Masques et statuettes
La sculpture dogon, masques et statuettes, est avant tout – comme partout en Afrique- rituelle hormis les objets fabriqués depuis quelques décennies à l’intention des touristes.
Les statuettes – les authentiques - conservées dans des sanctuaires familiaux représentent des ancêtres ou des êtres mythiques. Beaucoup d’entre elles ont été volées et se trouvent aujourd’hui dans les musées européens ou américains. Certaines d’entre elles, les plus anciennes probablement, ont été trouvées à demi enfouies dans des grottes, couvertes d’un dépôt rougeâtre épais, sang d’animaux sacrifiés. Les Dogons, les attribuent aux Tellem, leurs prédécesseurs dans les falaises de Bandiagara, bien que la similitude de leur style avec les œuvres plus récentes indique une origine dogon.
La diversité des formes remarquable : ancêtre féminin traité de façon réaliste, sans rigidité, le visage témoignant de la pensée ; Nommo bisexué,les bras haut dressés, monté sur un cheval ; vieillard dont la métamorphose en serpent est indiquée par l‘aspect onduleux du bois choisi par l’artiste. La force et la vie de la sculpture dogon traduisent celle de la mythologie et du rituel. Ces statuettes en bois sont l’œuvre des forgerons, qui en font aussi de plus abstraites, en fer, aux bras sans articulations comme l’étaient, selon le mythe, ceux des premiers êtres avant leur chute sur la terre.
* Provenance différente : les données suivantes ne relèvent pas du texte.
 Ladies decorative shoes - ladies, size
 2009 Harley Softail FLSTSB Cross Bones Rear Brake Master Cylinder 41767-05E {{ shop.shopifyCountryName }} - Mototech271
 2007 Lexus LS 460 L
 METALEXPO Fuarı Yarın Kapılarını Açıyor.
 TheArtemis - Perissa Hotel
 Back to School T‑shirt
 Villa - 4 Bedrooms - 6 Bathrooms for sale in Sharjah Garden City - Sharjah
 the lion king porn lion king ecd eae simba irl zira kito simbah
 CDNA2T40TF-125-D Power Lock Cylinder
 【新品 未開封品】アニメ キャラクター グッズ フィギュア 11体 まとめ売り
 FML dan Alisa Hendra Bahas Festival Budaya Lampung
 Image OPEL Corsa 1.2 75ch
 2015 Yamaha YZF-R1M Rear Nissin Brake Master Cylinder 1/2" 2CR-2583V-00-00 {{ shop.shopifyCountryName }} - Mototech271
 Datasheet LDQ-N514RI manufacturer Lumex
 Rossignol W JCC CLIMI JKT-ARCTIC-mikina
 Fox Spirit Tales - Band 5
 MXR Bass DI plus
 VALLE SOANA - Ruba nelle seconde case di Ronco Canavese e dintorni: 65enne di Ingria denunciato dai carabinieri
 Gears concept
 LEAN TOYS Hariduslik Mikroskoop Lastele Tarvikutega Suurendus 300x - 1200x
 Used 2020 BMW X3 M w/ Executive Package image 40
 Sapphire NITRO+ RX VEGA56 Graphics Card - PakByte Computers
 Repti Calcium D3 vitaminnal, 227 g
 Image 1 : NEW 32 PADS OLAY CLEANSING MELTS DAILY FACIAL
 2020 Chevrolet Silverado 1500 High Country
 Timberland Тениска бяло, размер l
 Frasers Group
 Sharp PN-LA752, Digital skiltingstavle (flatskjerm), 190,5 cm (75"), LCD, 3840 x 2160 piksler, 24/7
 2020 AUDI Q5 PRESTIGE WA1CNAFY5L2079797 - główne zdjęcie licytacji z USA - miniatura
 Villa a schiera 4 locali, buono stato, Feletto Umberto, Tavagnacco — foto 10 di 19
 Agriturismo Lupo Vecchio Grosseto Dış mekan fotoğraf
Les masques,au contraire, ne sont pas sculptés par des spécialistes, mais par ceux qui les portent à l’occasion de cérémonies comme les levées de deuil. La face est simplifiée à l’extrême, inscrite dans un rectangle coupé par la saillie verticale du nez. Ils sont parfois surmontés de cimiers, dont le plus connu est une sorte de croix de Lorraine à valeur symbolique. Chaque masque est complété par un costume achevant de caractériser le personnage mythologique représenté par le danseur. La sortie des masques est une espèce de grand ballet dramatique, qui rappelle aux Dogons la conception précise et complète du monde que leur transmettent les générations précédentes.
Le maître de ces mystères, la plus haute autorité spirituelle, le grand initié qui dirige certains cultes et ordonne le rituel des cérémonies est le Hogon, l’homme le plus âgé et le plus respectable de la communauté. Mais son fonction de grand prêtre du Lébé, nom d’un des ancêtres primitifs qui se réincarne en serpent, lui confère d’étranges particularités : chaque nuit, dit la légende, un serpent vient l’enduire de sa bave, lui redonnant sa force vitale.